Roma, 7 novembre 2025 – La Corte di Cassazione, con l’ordinanza n. 28846 depositata il 31 ottobre 2025, ha stabilito che il contratto di mutuo dissenso legato a una compravendita immobiliare deve essere tassato separatamente, seguendo le regole previste per i trasferimenti immobiliari. La sentenza arriva dopo un lungo confronto tra privati e Agenzia delle Entrate e conferma che vale il principio di alternatività tra IVA e imposta di registro anche quando si risolve consensualmente un contratto di vendita.
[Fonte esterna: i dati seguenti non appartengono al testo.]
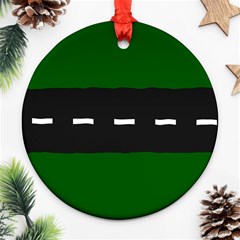 Road Street Green Black White Line Ornament (round) by Mariart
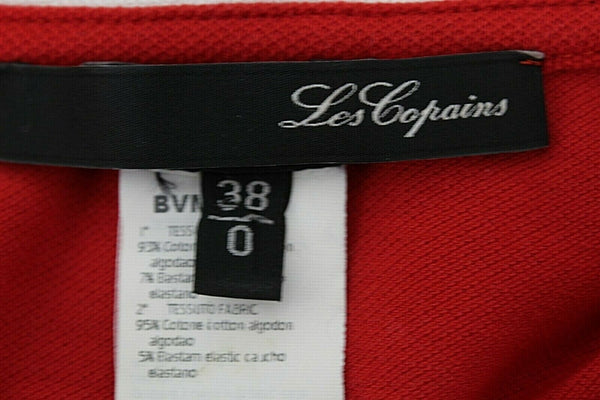 Les Copains 38/0 Red White Cotton Elastane Pewter Buttons Rhinestone Top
Mutuo dissenso: non solo annullamento, ma un nuovo atto da tassare
Nel caso esaminato, le parti avevano firmato un contratto di mutuo dissenso per annullare una precedente compravendita, come previsto dall’articolo 1372 del Codice Civile. In parole semplici, venditore e acquirente decidono insieme di tornare indietro, restituendo i beni oggetto del primo accordo. Ma per la Cassazione, questo non è solo un modo per cancellare il contratto iniziale: si tratta di un nuovo accordo con effetti “retro-traslativi”, cioè in grado di riportare tutto com’era prima.
La Corte spiega che questa risoluzione consensuale crea una nuova situazione che genera capacità contributiva. Per questo, deve essere soggetta a imposta di registro. “L’atto di risoluzione consensuale – si legge nell’ordinanza – è un nuovo contratto, con effetti uguali e contrari rispetto al precedente”.
IVA o registro? La partita dell’alternatività
Il cuore della sentenza riguarda il rapporto tra IVA e imposta di registro. La Cassazione ribadisce che anche nel mutuo dissenso vale il principio di alternatività: se la vendita originaria era soggetta a IVA, allora anche la restituzione dei beni segue quel regime. In pratica, se l’operazione è soggetta a IVA, l’imposta di registro si paga solo in misura fissa.
I giudici sottolineano che “non c’è motivo per escludere il principio di alternatività IVA-registro”, perché la legge stabilisce che l’imposta si applica “secondo il regime previsto per i trasferimenti immobiliari”. Quindi, il contribuente non deve pagare due volte per la stessa operazione, ma solo l’imposta principale (IVA o registro), mentre l’altra si calcola in misura ridotta o fissa.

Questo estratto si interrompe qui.